§ THE INPUT
--- START ---

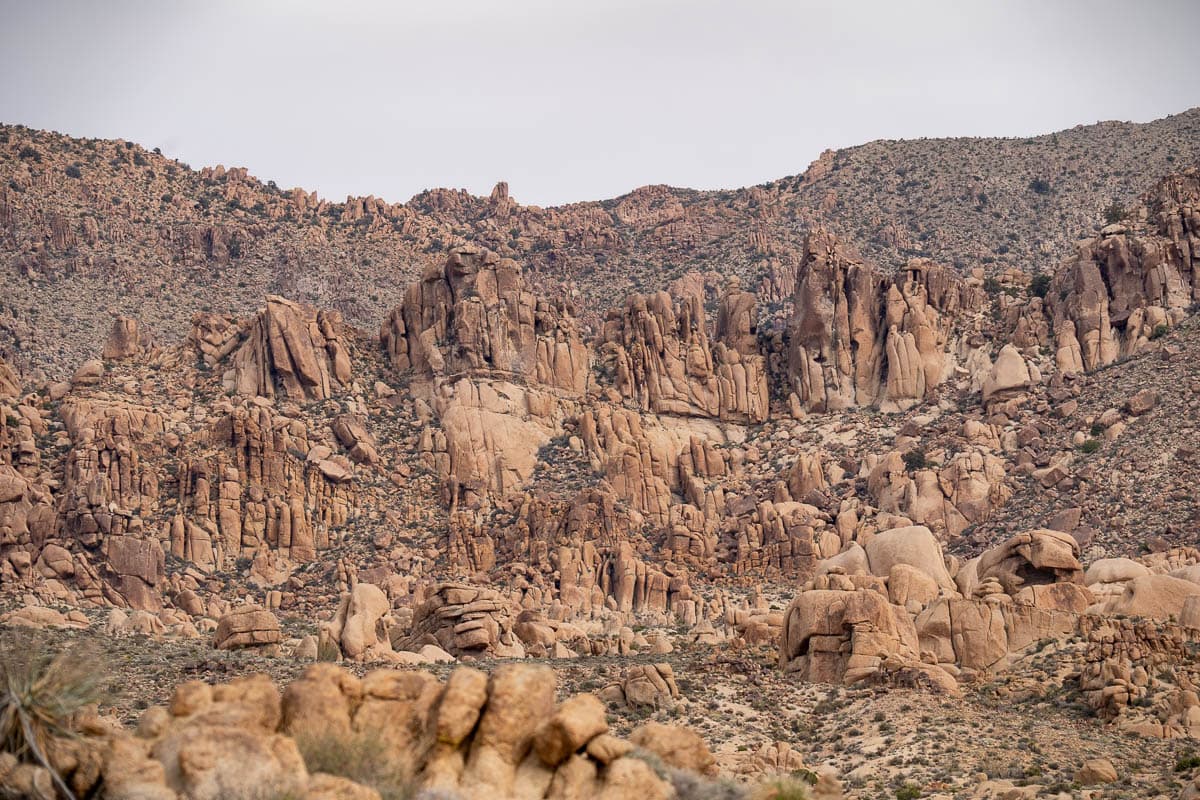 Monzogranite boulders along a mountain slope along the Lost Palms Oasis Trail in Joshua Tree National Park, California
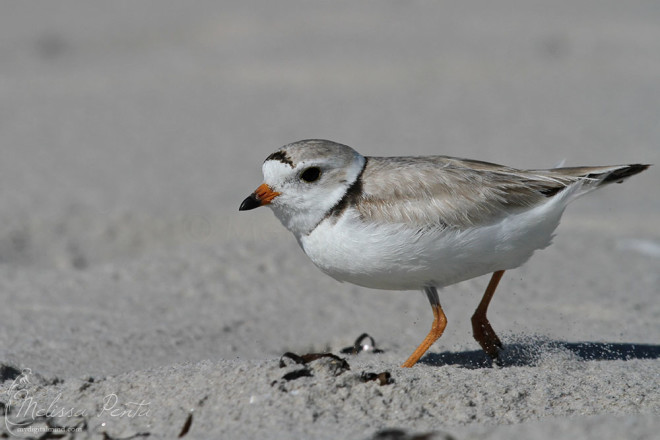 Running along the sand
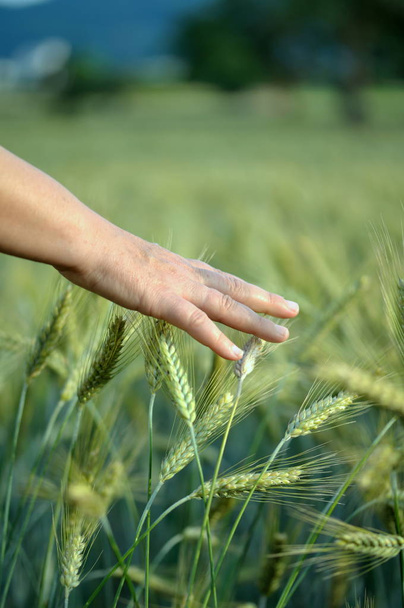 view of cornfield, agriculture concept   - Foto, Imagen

--- END ---
--- START ---

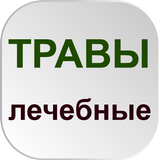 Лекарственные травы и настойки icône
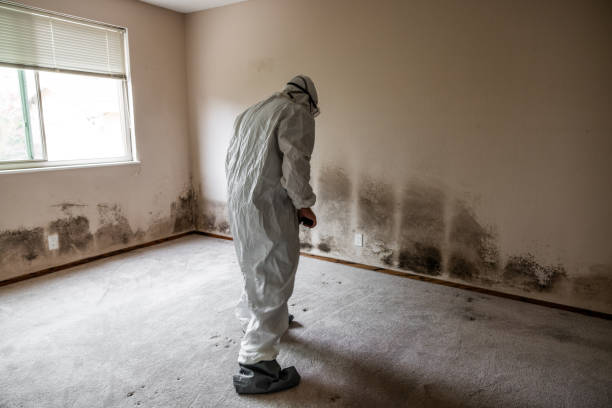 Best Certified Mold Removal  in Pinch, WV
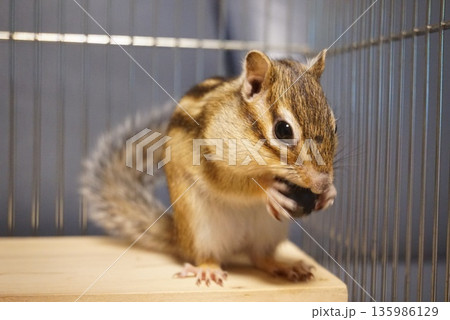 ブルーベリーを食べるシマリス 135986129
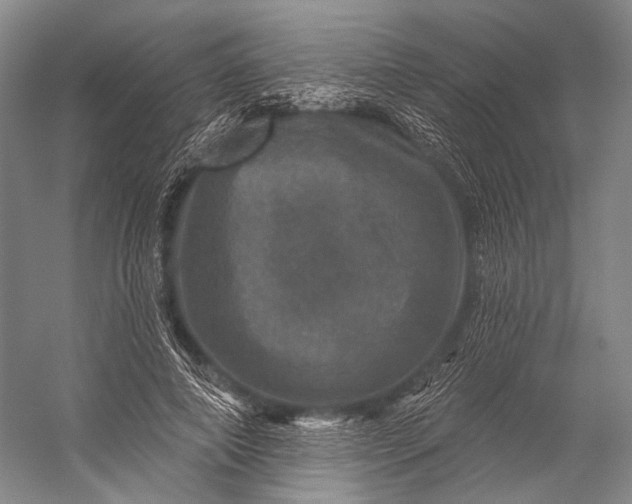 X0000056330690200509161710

--- END ---

§ WHAT NEEDS TO BE DONE
What should come back is an exact copy of the lines above from the line with "Running along the sand" to the line with "view of cornfield, agriculture", both included, minus the pictures.

§ OUTPUT
 Running along the sand
 view of cornfield, agriculture concept   - Foto, Imagen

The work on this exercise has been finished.